7. A further submission was made by the learned counsel for the assessee that at the time of purchase of Luna mopeds and moped spares by using the C forms, the assessee had entertained a bona fide belief that the goods purchased by it would come under the caption "machinery". Therefore, no penalty is exigible under section 10(b) of the CST Act. Learned Additional Government Pleader submitted that since the assessee subsequently filed an application for amendment of registration certificate, to include Luna mopeds and transformers, it would go to show that the assessee could not have entertained a bona fide belief in purchasing Luna mopeds and spares by using the C forms. In order to support this contention, reliance is placed upon a decision of this Court in [1991] 82 STC 268 in the case of Vijaya Electricals v. State of Tamil Nadu. We have already held that "machinery" would include "moped and spares". If that be so, the purchase by the assessee by using the C forms would be in accordance with the registration certificate. Therefore, whether the assessee would have entertained a bona fide belief in purchasing Luna moped and spares by using the C forms does not at all arise in the present case. Therefore, on the merits, we hold that Luna mopeds and spares are "machineries" and the assessee is entitled to purchase them by using C forms. Therefore, there is no false representation made by the assessee and so, the Tribunal is right in holding that the assessee is not liable for levy of penalty under section 10(b) of the CST Act.

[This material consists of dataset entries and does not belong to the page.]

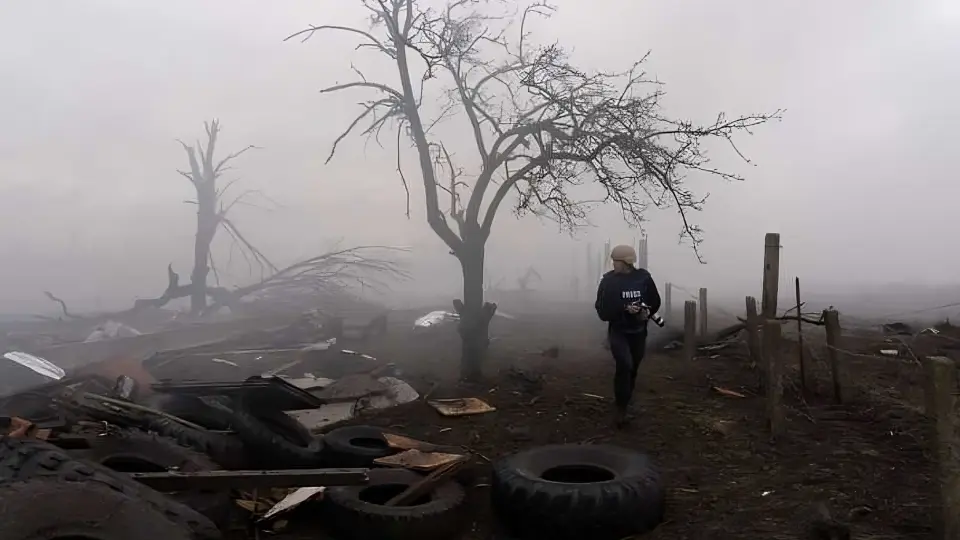 20 Days In Mariupol Full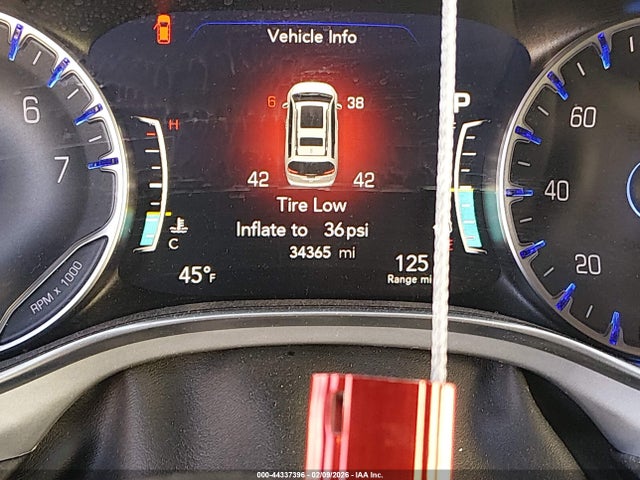 Chrysler Pacifica Limited 2025 2C4RC1GG6SR552571 Image 15
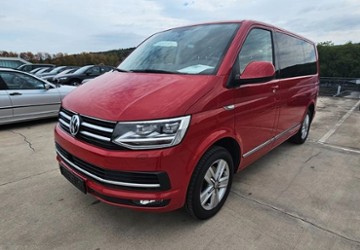 VW T6 Transporter 122.805 km 33.990 &euro; Bonn 53227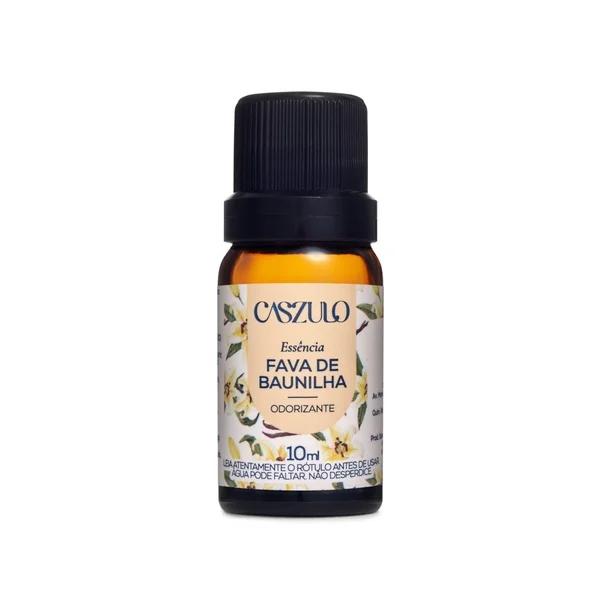 ESSENCIA CASZULO 10ML FAVA DE BAUNILHA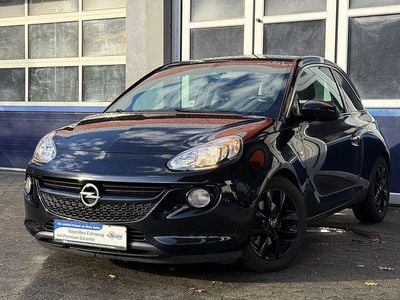 Gebraucht Opel Adam Unlimited 116 PS (85 kW) 2017 Schwarz Kleinwagen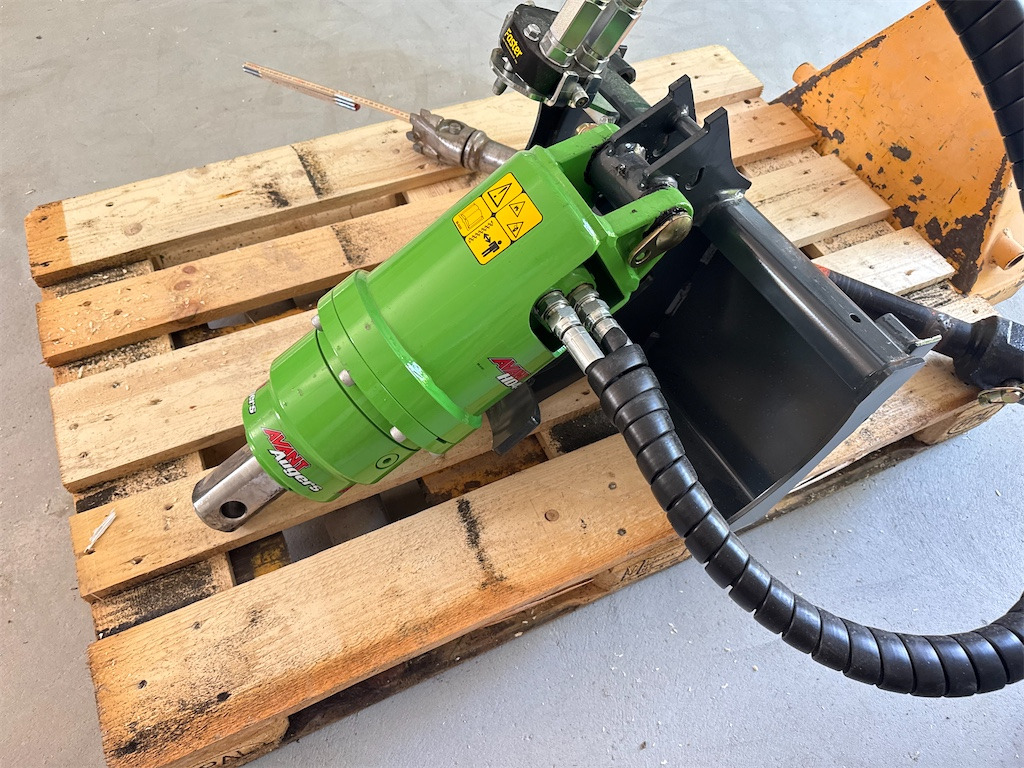 Avant Augers - אוגר: תמונה 4 Avant Augers - אוגר: תמונה 4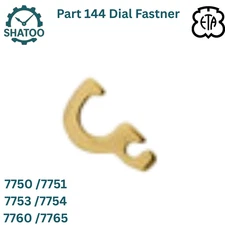 ETA 7750 Watch Spare Part 144 Dial Fastner 7751 7753 7754 7760 7765
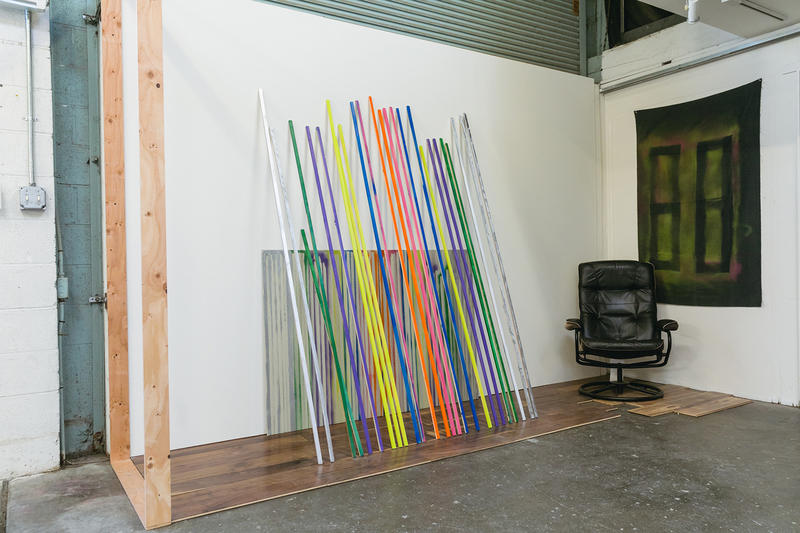 Are You Me or Are You a Stranger Cybele Lyle Are You Me or Are You a Stranger at Recology San Francisco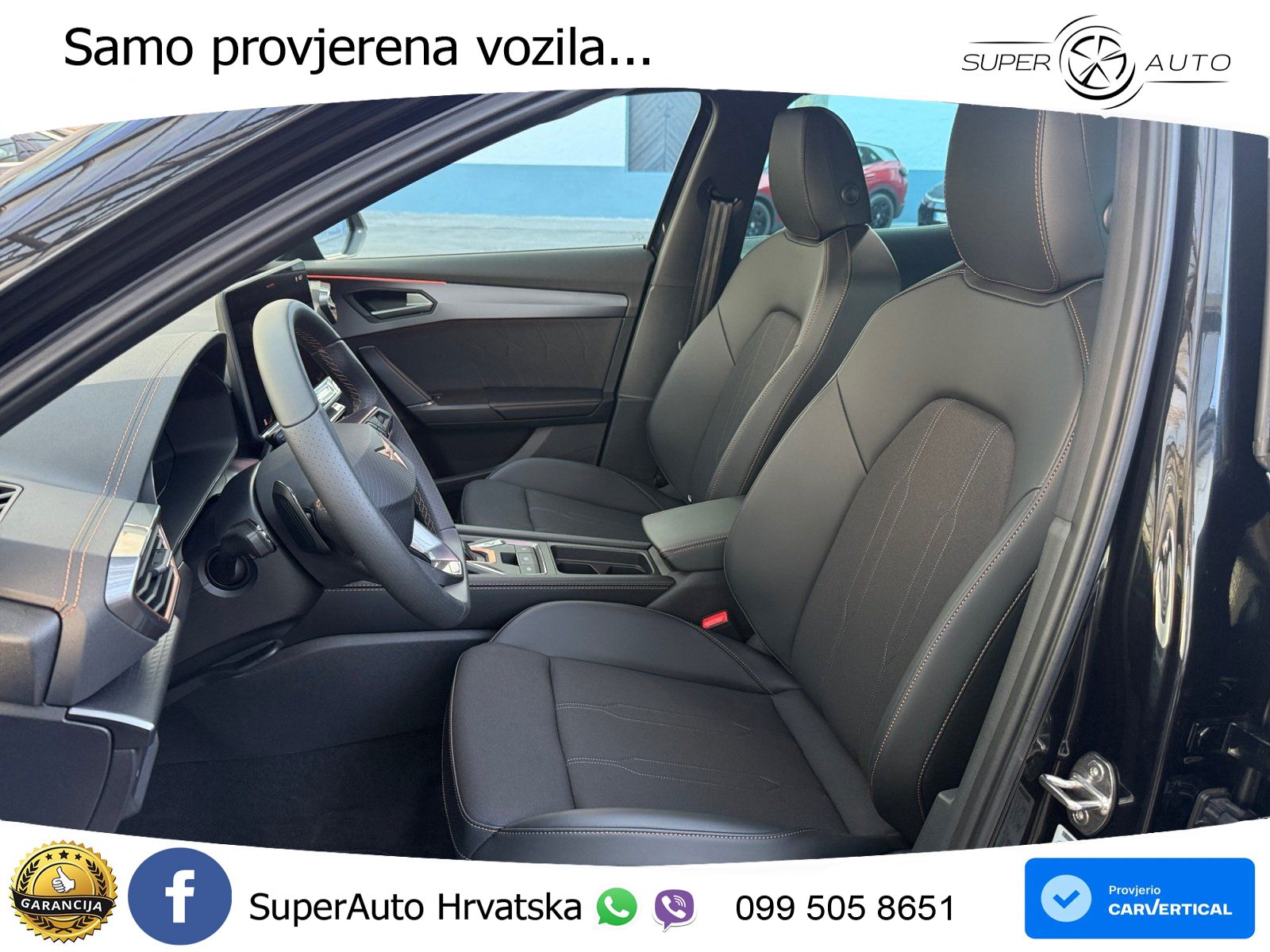 Cupra Formentor 1.5 TSI (204 KS) e-Hybrid DSG LED+GR SJED+ACC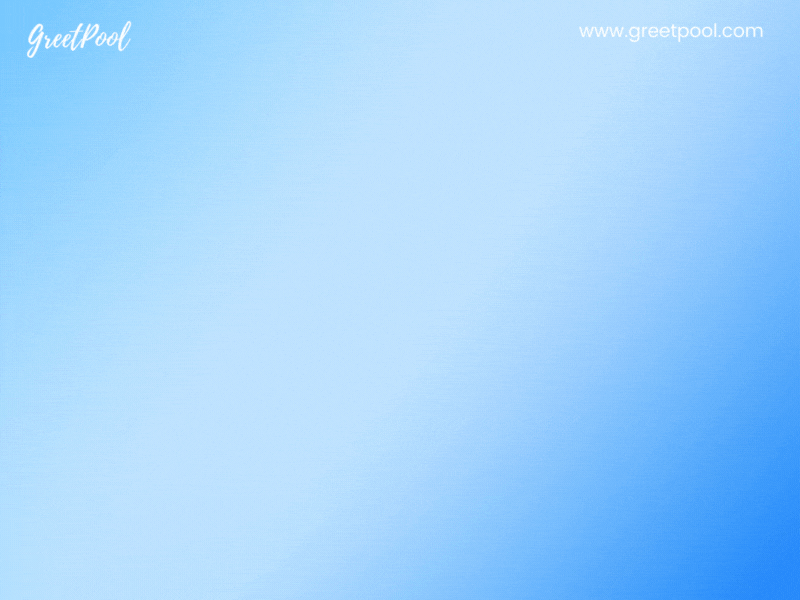 Get Well Soon Pink Flowers Watercolor - Free GIF | GreetPool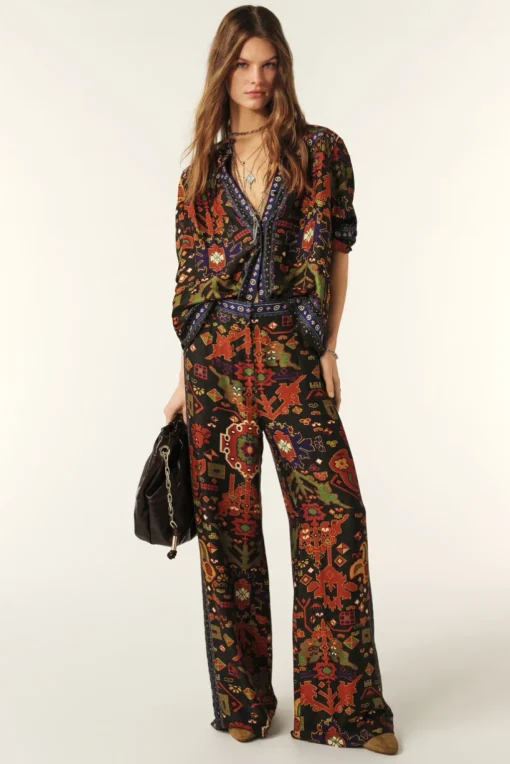 Vlyde Trousers Black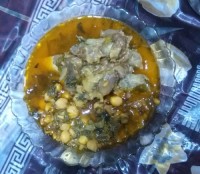 ترخینه غذای کردستان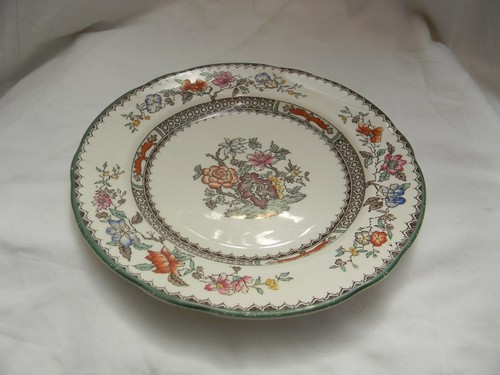 Copeland spode chinese rose - copeland,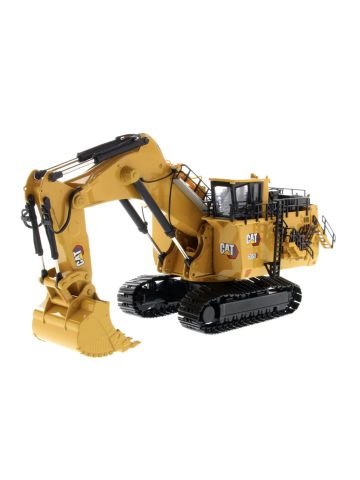 Diecast Masters 85651 Caterpillar 6060 Hydraulic Mining Shovel 1/87 Scale Model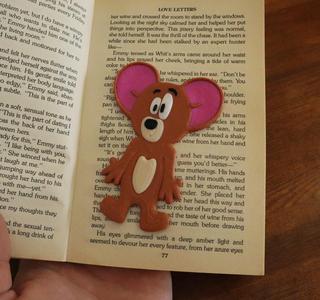 flat jerry bookmark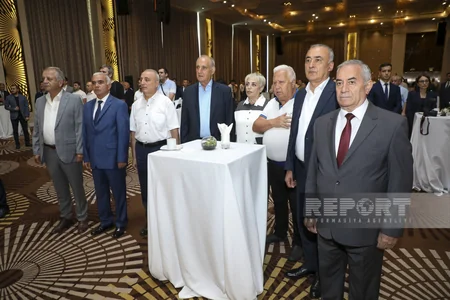 Medianın İnkişaf Agentliyi Milli Mətbuatın 149-cu ildönümünə həsr olunan konfrans keçirir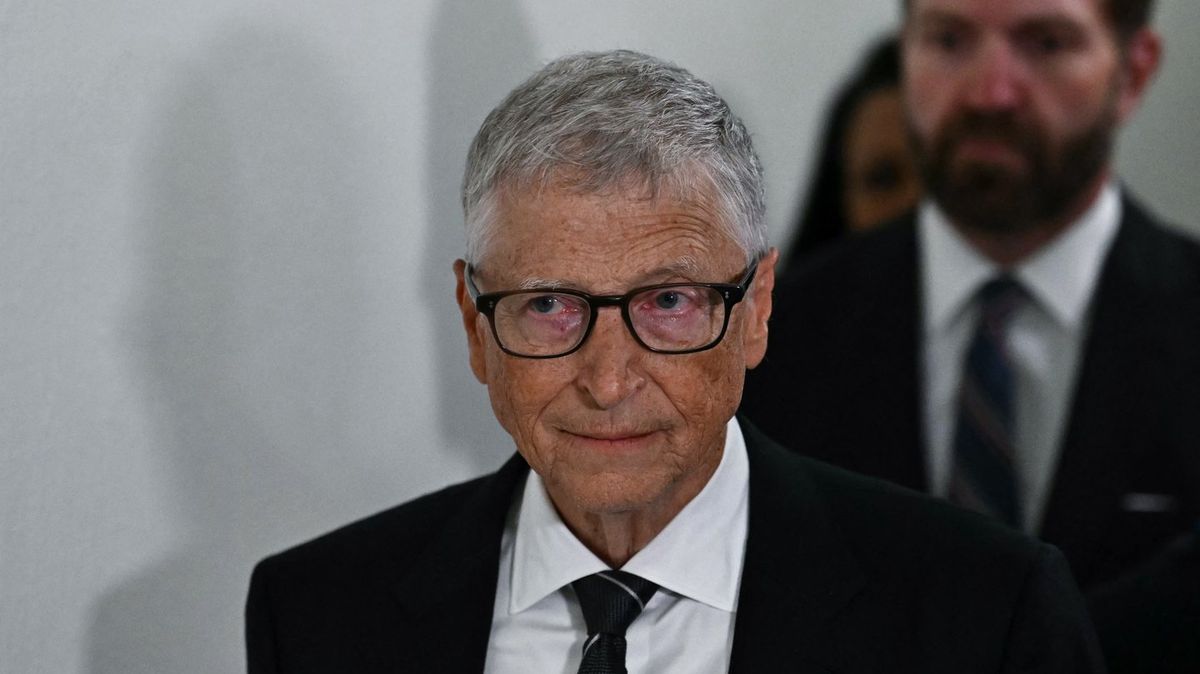 Bill Gates now says just four jobs will survive AI takeover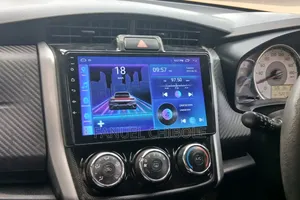 Toyota Fielder Android Radio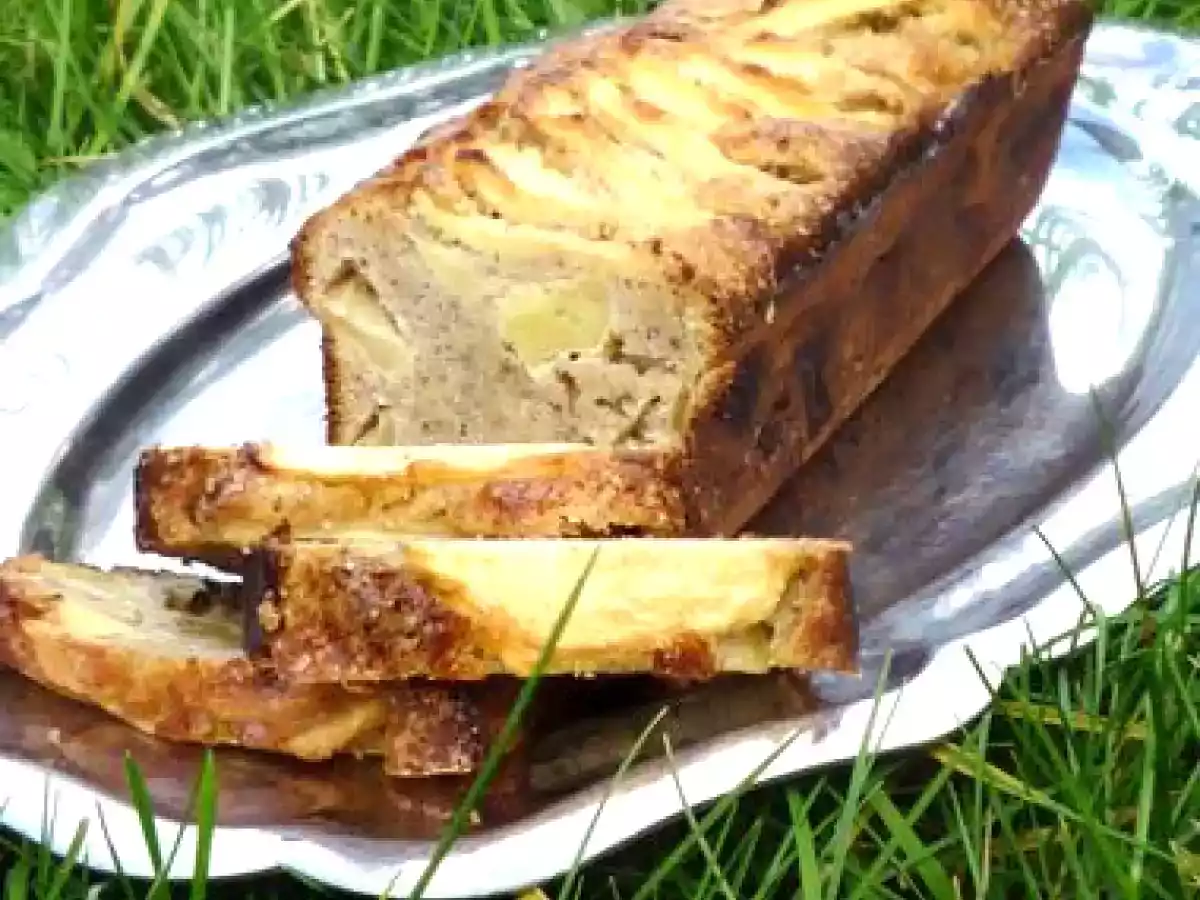 Fondant Pommes, Noisettes, Chocolat blanc... un plaisir d'automne - photo 3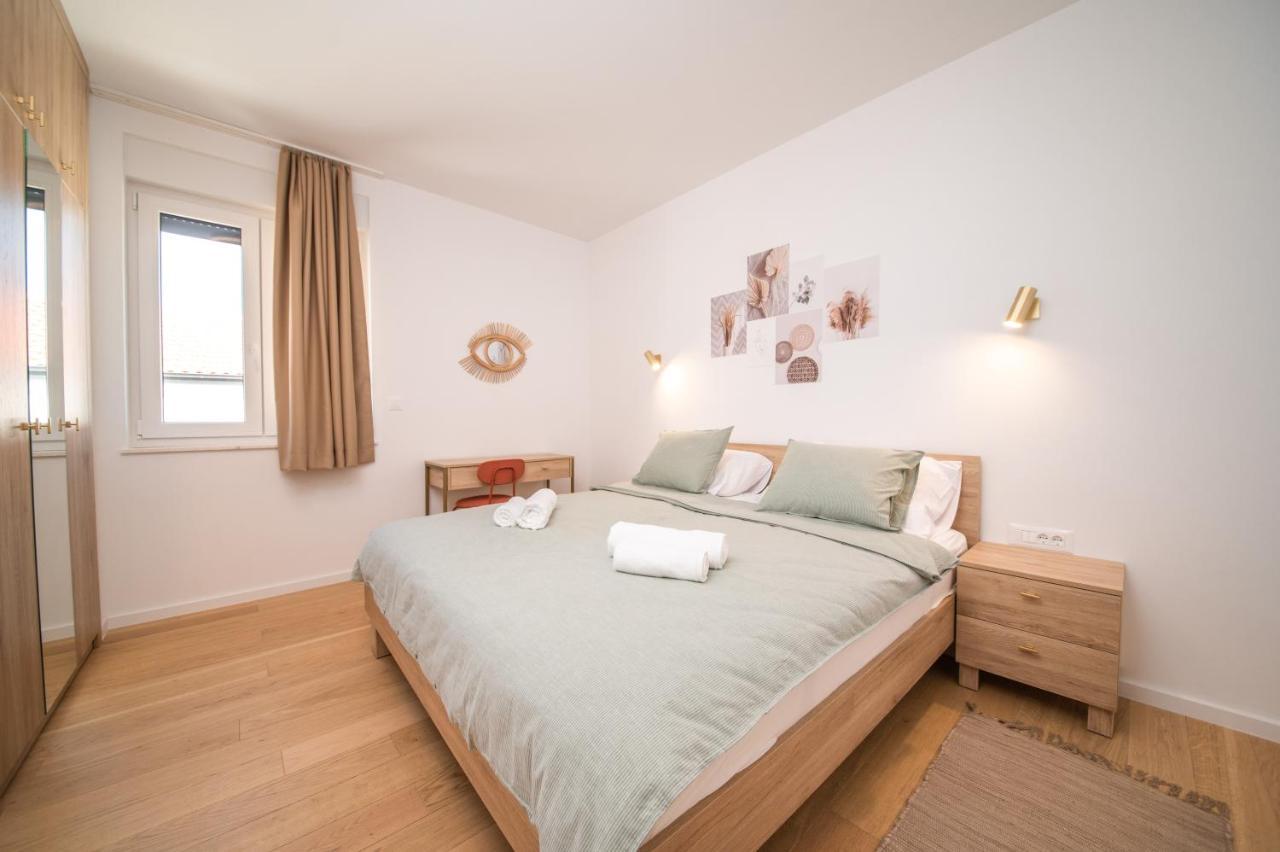 Vrsi Seaside Heights Apartments Ngoại thất bức ảnh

8. Now coming to "transformers", the assessee has purchased transformers and fixed them in panels and resold the said articles. According to the assessee, the word "machinery" would also include "transformers". According to the assessee, since transformers are enumerated separately in the First Schedule of the TNGST Act for the purpose of ascertaining the rate of tax, it would not have any bearing in the matter of deciding whether transformers would fall under the category "machinery". By relying upon the decisions cited supra, counsel for the assessee submitted that transformers would also come under the category of machinery. Transformers are used for converting electric voltage from high voltage to low voltage and vice versa. In the present case, the assessee is purchasing transformers and by fitting them in panels and selling them as control boards. The Appellate Assistant Commissioner pointed out that even if the transformers are considered as a machinery, the authorisation was for the purchase of "machinery" only for resale and not for using them in the manufacture of some other item and then sell them off and that therefore, there is a violation of the provisions of the CST Act. Even though we consider that the transformers can be treated as machinery, according to the reasons given by us hereinabove, the fact remains that the assessee is not selling them as such transformers. They are fitted in panels and then sold them away as electrical control board. Therefore, what was sold by the assessee was electrical control board and not transformers, as such. In that view of the matter, the Tribunal is not justified in deleting the penalty in so far as transformers are concerned.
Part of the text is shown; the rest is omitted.